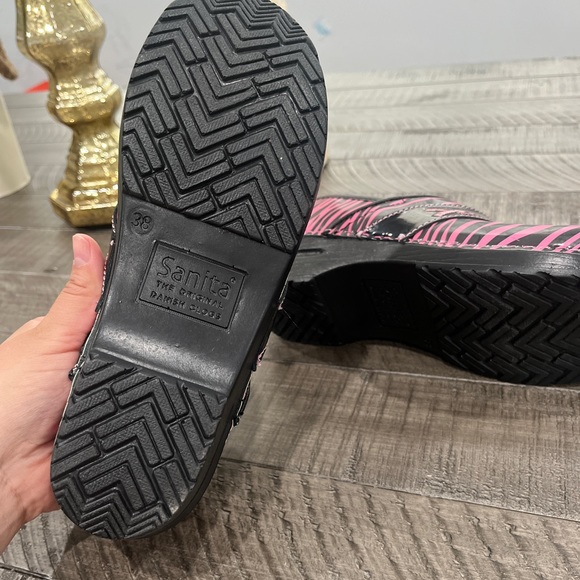 SANITA STRIPED PINK AND BLACK CANCER RIBBON NURSE SHOES CLOGS - Picture 8 of 8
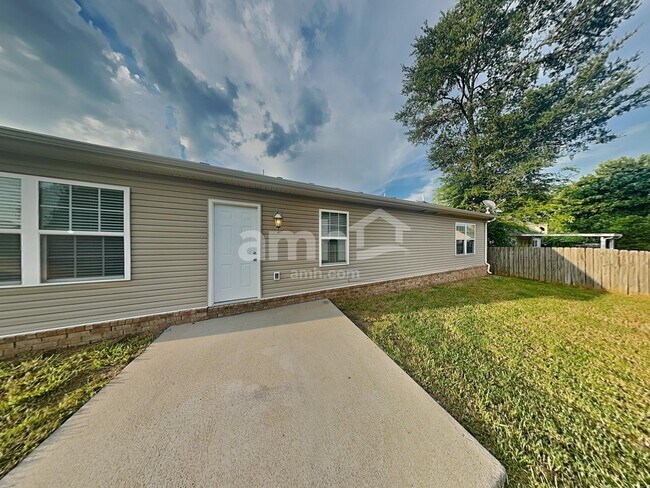 Building Photo - 1667 Antebellum Dr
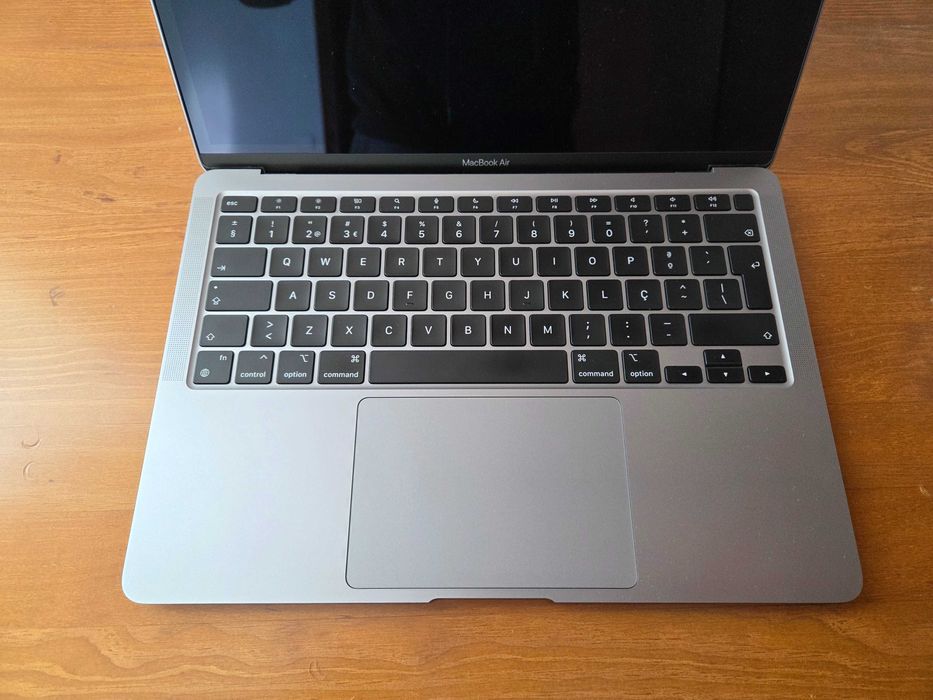 Apple Macbook Air M1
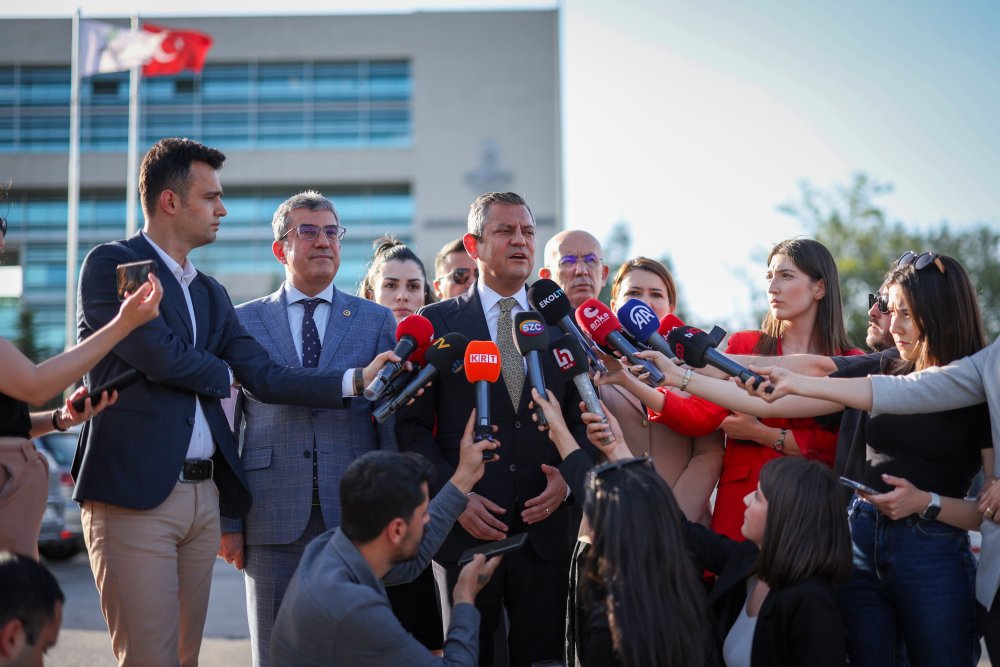 Özgür Özel'den AYM Başkanı Kadir Özkaya'yı ziyaret etti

**WHAT TO DO:** What belongs in the answer is each line above, reproduced exactly, and no picture.

**TASK ANSWER:**
 SANITA STRIPED PINK AND BLACK CANCER RIBBON NURSE SHOES CLOGS - Picture 8 of 8
 Building Photo - 1667 Antebellum Dr
 Apple Macbook Air M1
 Özgür Özel'den AYM Başkanı Kadir Özkaya'yı ziyaret etti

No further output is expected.